> BRIEF: For the listing below, return the line containing "image for item", the line containing "Trench Compactor (Inoperable)", and all lines in between, exactly as written and nothing else.

> DATA FOR THE TASK:
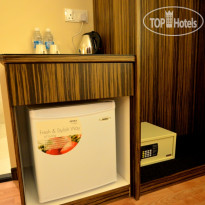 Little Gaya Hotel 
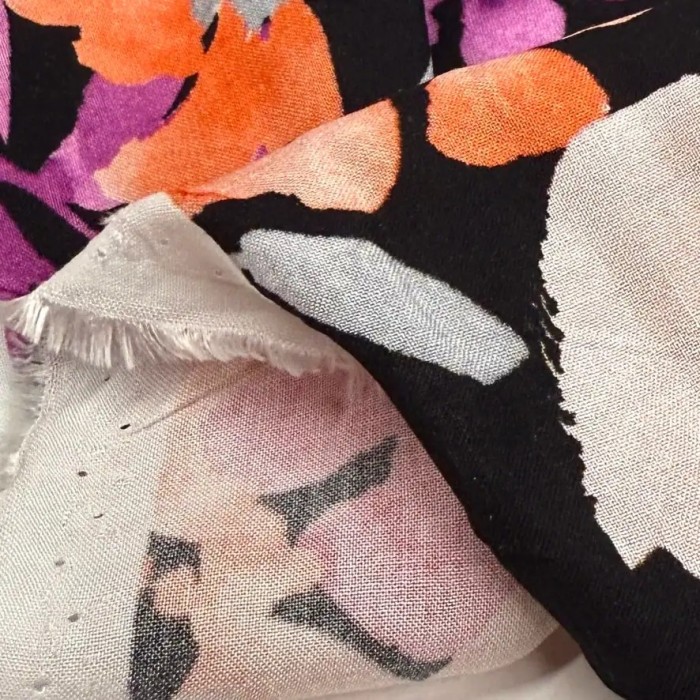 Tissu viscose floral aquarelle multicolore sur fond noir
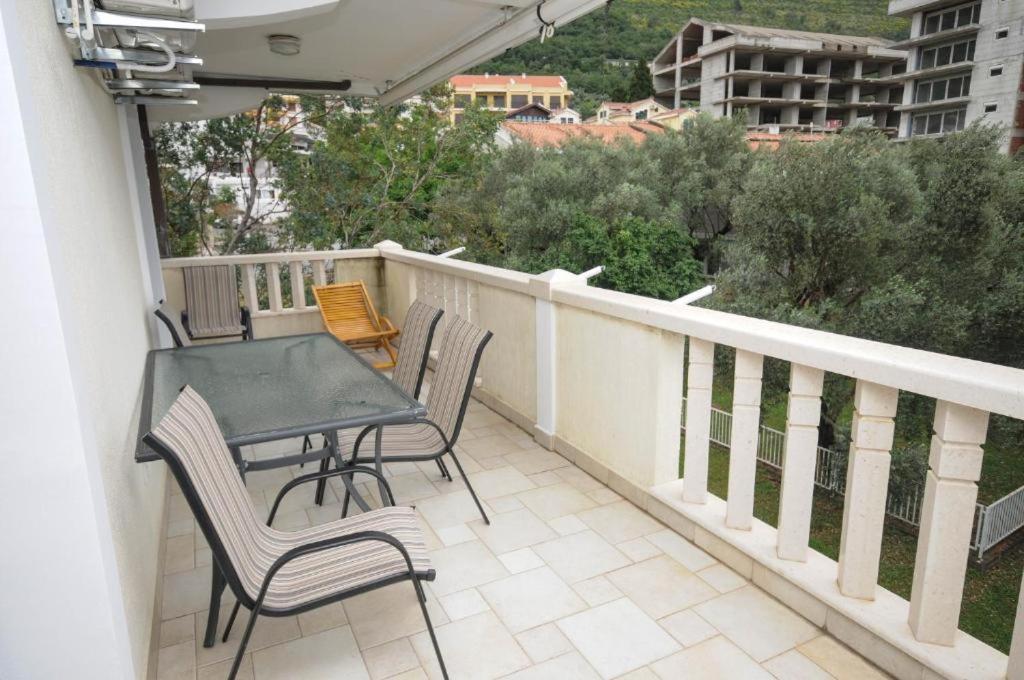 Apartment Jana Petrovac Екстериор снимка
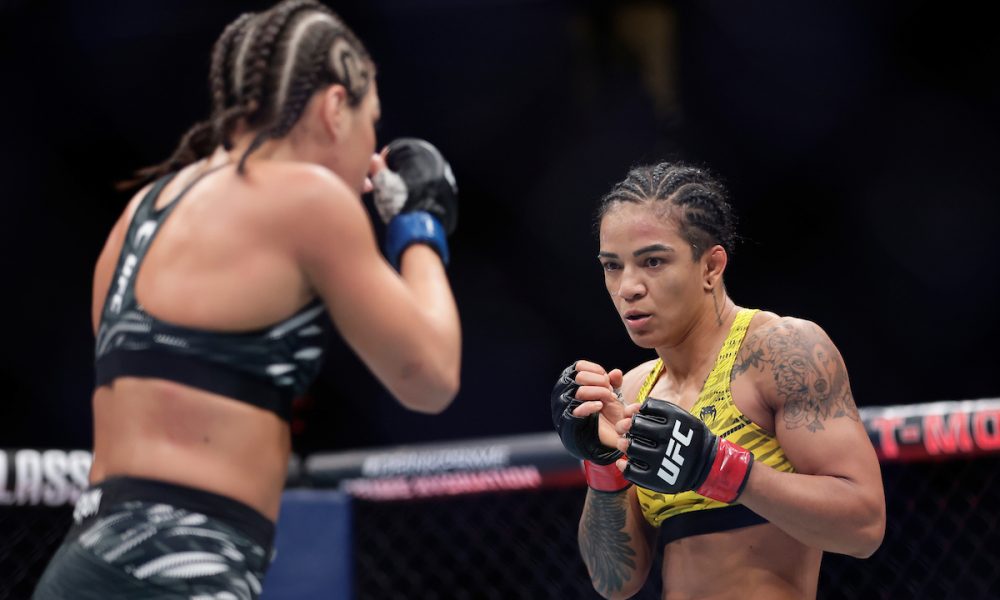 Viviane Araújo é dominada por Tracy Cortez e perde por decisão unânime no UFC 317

--

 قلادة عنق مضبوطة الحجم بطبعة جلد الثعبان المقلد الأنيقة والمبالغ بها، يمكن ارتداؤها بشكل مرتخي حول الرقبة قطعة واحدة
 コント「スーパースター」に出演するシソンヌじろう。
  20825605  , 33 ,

--

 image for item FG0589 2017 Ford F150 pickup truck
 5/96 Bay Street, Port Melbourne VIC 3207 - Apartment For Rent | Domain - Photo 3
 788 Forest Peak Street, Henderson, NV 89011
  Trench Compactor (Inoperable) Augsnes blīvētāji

> EXERCISE ANSWER:
 image for item FG0589 2017 Ford F150 pickup truck
 5/96 Bay Street, Port Melbourne VIC 3207 - Apartment For Rent | Domain - Photo 3
 788 Forest Peak Street, Henderson, NV 89011
  Trench Compactor (Inoperable) Augsnes blīvētāji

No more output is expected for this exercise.